March 27, 2014 in ep review, review, stream

Charles Trees is allegedly something of a legend in the city of Ann Arbor, Michigan, where locals are said to often proclaim "I spent half my life waiting for Charles". And yet up until now he has remained something of a secret, despite releases for Ghostly International, Moodgadget and Fulgeance’s Musique Large.

This new EP, Rootwork, has been in the making since mid-2012 and it just might help to explain what the fuss is all about. Opening with the title track there is a Latin-jazz, Sun Ra vibe to proceedings as Trees pretty much throws an onslaught of beats and percussion against Dan Bennet's brilliant sax playing. It is organic, fresh and absolutely full of life, bumping along to its increasingly electronic and acidic climax - this is the sound of totally disperate genres playing together and it seems effortless.

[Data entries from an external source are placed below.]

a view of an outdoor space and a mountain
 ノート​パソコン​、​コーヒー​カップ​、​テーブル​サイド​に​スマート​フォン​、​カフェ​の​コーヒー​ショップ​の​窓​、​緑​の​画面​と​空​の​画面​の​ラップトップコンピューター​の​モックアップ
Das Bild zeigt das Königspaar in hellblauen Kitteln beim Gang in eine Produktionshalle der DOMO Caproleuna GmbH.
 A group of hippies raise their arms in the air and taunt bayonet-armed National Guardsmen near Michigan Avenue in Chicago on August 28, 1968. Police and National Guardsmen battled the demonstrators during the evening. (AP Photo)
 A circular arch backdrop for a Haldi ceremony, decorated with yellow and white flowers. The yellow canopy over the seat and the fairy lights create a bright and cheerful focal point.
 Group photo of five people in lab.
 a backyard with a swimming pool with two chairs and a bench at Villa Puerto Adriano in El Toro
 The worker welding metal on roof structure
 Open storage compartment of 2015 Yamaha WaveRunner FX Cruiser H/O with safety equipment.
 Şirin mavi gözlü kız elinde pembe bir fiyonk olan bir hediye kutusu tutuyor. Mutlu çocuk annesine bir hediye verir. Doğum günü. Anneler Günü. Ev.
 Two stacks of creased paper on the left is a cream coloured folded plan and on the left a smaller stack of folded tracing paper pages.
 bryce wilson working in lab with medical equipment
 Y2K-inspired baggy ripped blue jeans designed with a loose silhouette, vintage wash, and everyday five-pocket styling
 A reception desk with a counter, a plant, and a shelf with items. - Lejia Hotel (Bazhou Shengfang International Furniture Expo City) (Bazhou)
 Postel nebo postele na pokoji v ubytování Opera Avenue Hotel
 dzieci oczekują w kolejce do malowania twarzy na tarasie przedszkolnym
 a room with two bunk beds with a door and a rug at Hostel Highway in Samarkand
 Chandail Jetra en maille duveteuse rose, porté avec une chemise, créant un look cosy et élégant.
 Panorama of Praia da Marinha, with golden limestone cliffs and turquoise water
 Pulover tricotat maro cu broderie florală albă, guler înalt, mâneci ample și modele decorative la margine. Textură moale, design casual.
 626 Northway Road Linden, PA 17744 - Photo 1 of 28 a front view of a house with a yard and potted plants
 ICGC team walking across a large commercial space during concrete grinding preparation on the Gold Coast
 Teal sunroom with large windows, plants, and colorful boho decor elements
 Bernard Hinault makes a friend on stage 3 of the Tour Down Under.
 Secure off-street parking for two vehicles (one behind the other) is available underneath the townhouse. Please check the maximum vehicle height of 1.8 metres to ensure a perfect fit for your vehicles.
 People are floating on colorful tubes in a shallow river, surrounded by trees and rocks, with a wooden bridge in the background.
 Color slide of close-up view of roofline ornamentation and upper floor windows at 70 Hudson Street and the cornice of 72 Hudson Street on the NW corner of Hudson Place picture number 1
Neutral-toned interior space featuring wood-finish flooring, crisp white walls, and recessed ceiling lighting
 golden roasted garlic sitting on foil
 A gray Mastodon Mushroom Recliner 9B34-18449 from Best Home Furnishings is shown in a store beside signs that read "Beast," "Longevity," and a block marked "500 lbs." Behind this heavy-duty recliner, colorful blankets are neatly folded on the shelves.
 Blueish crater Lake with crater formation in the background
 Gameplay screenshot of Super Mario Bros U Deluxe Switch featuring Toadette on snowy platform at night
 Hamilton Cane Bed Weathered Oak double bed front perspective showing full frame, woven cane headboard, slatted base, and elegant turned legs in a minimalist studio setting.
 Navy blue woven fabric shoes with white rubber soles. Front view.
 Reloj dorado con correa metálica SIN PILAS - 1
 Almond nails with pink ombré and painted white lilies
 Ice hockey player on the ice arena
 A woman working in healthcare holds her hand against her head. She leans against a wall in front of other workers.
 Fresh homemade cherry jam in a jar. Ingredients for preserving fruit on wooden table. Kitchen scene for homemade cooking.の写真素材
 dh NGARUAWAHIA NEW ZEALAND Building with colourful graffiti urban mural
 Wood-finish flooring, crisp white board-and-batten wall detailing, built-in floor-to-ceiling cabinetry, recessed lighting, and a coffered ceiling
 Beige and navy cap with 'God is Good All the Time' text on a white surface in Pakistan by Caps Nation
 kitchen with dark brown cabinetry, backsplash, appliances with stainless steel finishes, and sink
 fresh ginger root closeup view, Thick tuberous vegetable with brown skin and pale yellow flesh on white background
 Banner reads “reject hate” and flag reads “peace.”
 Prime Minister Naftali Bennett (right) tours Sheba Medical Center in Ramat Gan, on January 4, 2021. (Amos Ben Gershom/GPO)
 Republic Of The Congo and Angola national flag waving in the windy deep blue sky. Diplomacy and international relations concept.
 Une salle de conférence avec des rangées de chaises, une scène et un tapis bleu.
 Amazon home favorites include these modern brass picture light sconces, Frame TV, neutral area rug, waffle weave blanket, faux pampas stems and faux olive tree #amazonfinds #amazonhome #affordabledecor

Exodus takes the baton from Rootwork and creates a calypso punk-funk stomp, house beats gradually dissolving as the track breaks into sunny funkadelic joy. On Get Advanced rapper and poet Intricate Dialogue casually flows over a loose rhythm, James Brown samples and a little 303 to create something intoxicating. Finally What's Left is cosmic funk, keys floating in space whilst some chunky bass lines create a sense of movement.

The EP also comes with two remixes, though neither feels quite as innovative as the originals. DJ F gives Rootwork a isolated and galactic feel with sinister keyboards substituted for the sax. Shigeto then extends What's Left to a nine-minute epic, a lengthy freestyle-sounding intro eventually giving way to a rapid, elastic and jazzy take on the original.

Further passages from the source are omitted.